Leveraging event-based semantics for automated text simplification
Introduction
Many texts we encounter daily are written using very complex syntactic structures and specialised or sophisticated vocabulary and thus cannot be understood by many readers. Many initiatives raised awareness about this issue, offering guidelines for writing in an easy-to-read manner in order to produce texts more accessible for everyone, including non-native speakers and people with any kind of language or intellectual impairment, e.g. “Make it Simple, European Guidelines for the Production of Easy-to-Read Information for People with Learning Disability” (Freyhoff, Hess, Kerr, Tronbacke, & Van Der Veken, 1998) or “Federal Plain Language Guidelines” (PlainLanguage, 2011). However, manual simplification of existing texts is time-consuming and requires very specific training. At the same time, it has been noticed that syntactically complex sentences, as well as infrequent words and phrases, decrease the performance of various NLP tasks, such as parsing (Chandrasekar, Doran, & Srinivas, 1996), machine translation (Chandrasekar, 1994, Štajner, Popović, 2016), information extraction (Beigman Klebanov, Knight, Marcu, 2004, Evans, 2011), or semantic role labelling (Vickrey & Koller, 2008).

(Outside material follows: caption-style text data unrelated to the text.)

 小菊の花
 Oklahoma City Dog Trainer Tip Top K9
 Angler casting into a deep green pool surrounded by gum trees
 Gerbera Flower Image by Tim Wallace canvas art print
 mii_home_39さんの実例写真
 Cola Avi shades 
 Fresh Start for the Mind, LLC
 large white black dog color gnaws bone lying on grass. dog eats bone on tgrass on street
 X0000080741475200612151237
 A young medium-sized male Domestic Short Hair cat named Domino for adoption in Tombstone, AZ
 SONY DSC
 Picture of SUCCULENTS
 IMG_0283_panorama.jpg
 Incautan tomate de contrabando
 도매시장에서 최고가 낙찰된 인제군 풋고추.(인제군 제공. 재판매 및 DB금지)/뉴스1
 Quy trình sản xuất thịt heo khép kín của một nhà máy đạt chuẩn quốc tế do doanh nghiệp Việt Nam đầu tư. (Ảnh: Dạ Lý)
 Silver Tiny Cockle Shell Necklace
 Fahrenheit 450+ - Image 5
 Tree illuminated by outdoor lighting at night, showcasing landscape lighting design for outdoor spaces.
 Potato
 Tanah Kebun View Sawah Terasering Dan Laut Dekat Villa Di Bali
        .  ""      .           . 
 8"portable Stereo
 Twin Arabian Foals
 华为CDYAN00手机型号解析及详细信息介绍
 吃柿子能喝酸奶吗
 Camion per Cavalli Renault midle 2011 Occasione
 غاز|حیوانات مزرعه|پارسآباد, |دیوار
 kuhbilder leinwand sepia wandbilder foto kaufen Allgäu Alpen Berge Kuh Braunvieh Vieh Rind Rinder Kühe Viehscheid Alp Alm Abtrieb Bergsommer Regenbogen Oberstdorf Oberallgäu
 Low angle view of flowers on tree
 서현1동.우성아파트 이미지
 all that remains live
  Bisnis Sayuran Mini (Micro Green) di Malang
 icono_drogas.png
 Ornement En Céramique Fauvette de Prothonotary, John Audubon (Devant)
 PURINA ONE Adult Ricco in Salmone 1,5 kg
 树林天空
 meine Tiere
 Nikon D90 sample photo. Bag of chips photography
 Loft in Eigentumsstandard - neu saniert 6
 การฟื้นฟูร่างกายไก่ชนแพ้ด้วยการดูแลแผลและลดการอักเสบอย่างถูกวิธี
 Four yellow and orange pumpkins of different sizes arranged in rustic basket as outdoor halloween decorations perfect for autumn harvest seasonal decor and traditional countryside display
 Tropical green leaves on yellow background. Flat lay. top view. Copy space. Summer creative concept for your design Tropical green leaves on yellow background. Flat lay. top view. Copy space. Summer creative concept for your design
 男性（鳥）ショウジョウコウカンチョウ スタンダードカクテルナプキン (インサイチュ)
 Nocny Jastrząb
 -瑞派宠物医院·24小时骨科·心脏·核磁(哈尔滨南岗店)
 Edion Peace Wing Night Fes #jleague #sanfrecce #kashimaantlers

For both these reasons, late nineties yielded a new NLP task of Automated Text Simplification (ATS) that aims to (semi-)automatically transform complex texts into their simpler variants that are more understandable to wider audiences and easier to process with various NLP tools.
It has been shown that complex sentence structures (passive constructions, long sentences, appositions, etc.) and infrequent or long words can be difficult to understand for many people, e.g. non-native speakers (Petersen & Ostendorf, 2007), people with low literacy levels (Aluísio, Specia, Pardo, Maziero, & Fortes, 2008), and people with different kinds of reading or cognitive impairments, such as dyslexia (Rello, 2012), aphasia (Devlin & Unthank, 2006), autism spectrum disorders (Martos, Freire, González, Gil, & Sebastian, 2012), or Down’s syndrome (Saggion et al., 2015).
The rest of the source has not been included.